Below is a listing to write out in full, exactly as given, without its pictures.

#### Supplied data:
◆ ◆ ◆
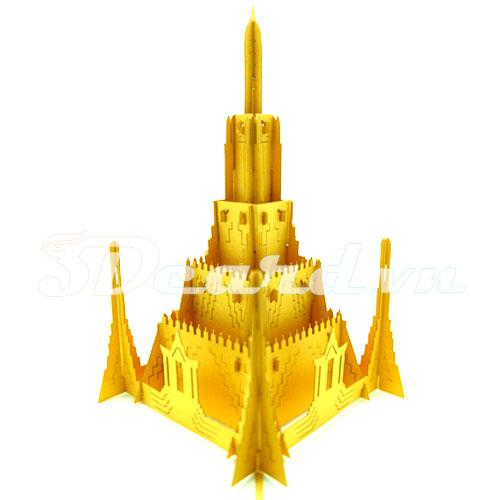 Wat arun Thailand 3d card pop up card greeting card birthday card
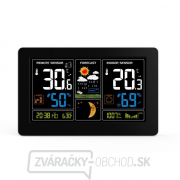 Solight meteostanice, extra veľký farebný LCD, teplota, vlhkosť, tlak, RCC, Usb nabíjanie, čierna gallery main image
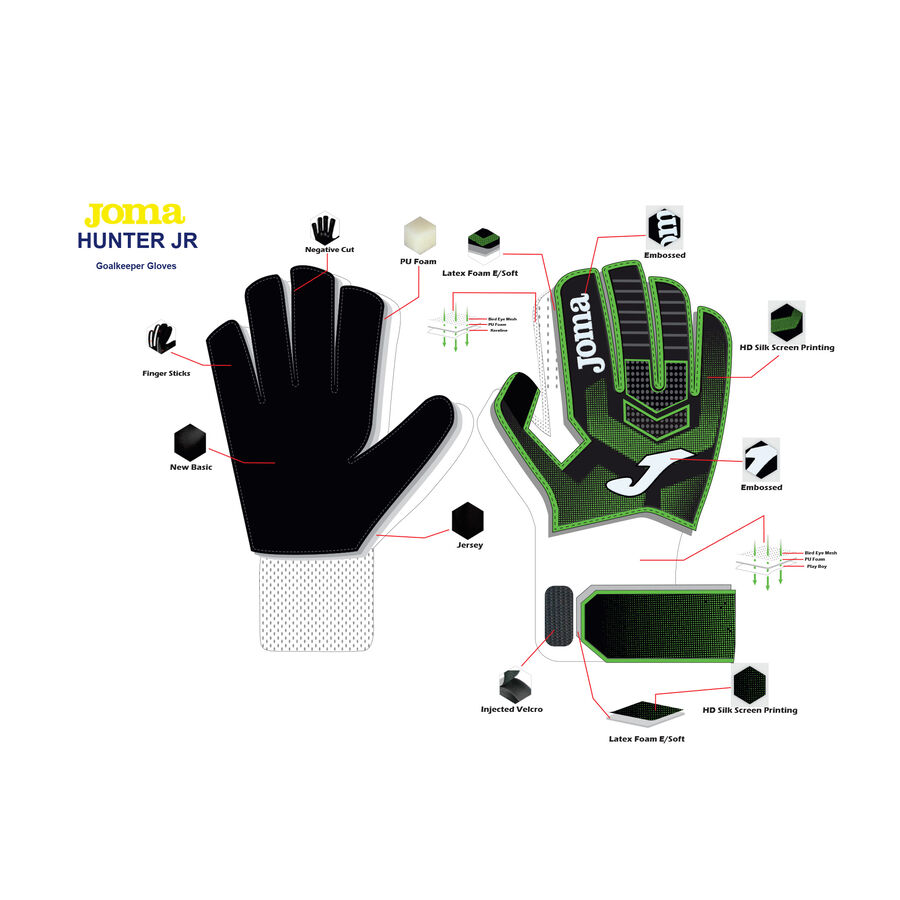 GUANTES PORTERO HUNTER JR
◆ ◆ ◆
#### Written response:
 Wat arun Thailand 3d card pop up card greeting card birthday card
 Solight meteostanice, extra veľký farebný LCD, teplota, vlhkosť, tlak, RCC, Usb nabíjanie, čierna gallery main image
 GUANTES PORTERO HUNTER JR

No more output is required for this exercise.